**Supplied entries**

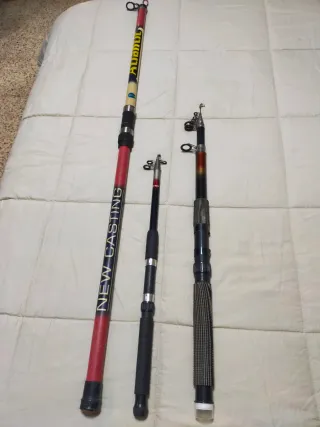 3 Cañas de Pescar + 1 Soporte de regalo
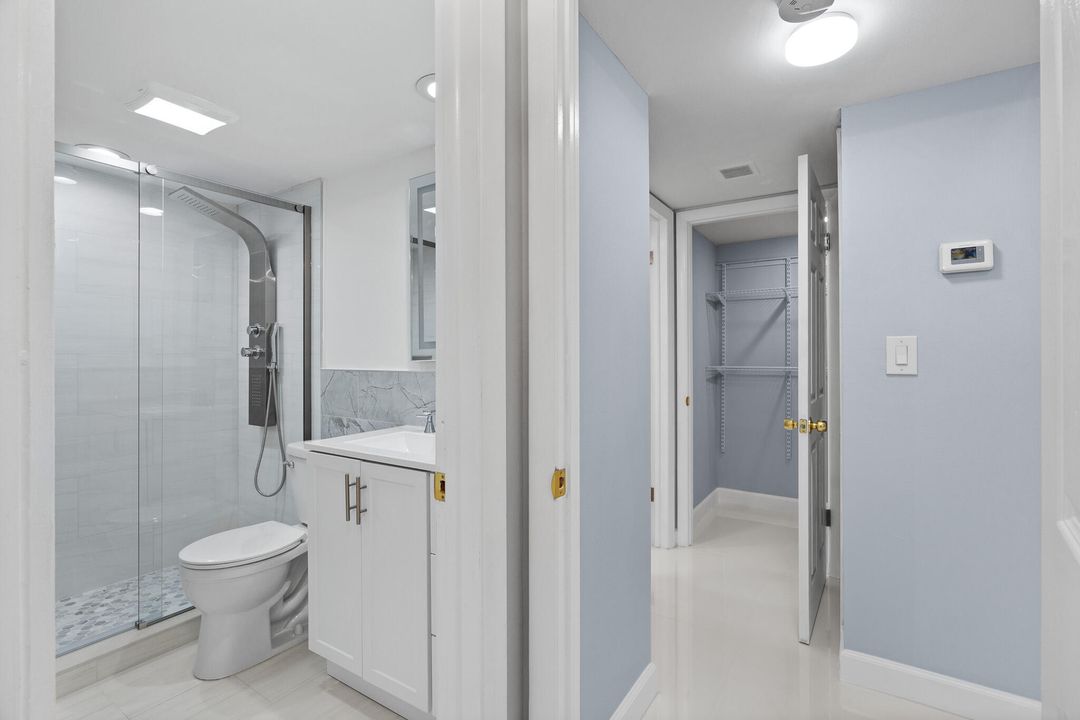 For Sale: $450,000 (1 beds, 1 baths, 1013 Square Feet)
---
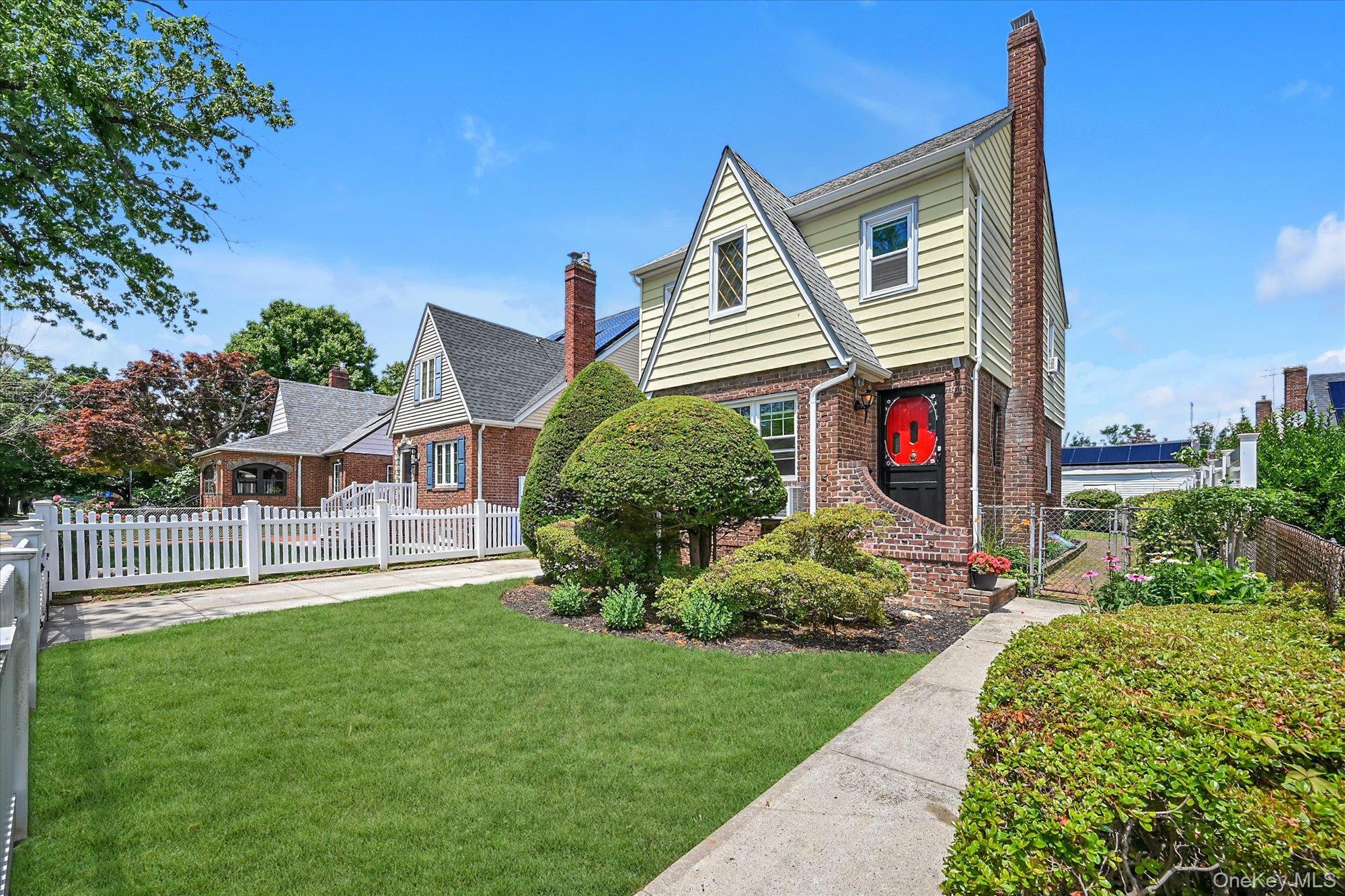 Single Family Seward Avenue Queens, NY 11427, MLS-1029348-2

**What to produce**
Copy only what runs above from the line containing "3 Cañas de Pescar + 1 Soporte de regalo" through the line containing "For Sale: $450,000", exactly. Leave out the pictures.

**Answer space**
 3 Cañas de Pescar + 1 Soporte de regalo
 For Sale: $450,000 (1 beds, 1 baths, 1013 Square Feet)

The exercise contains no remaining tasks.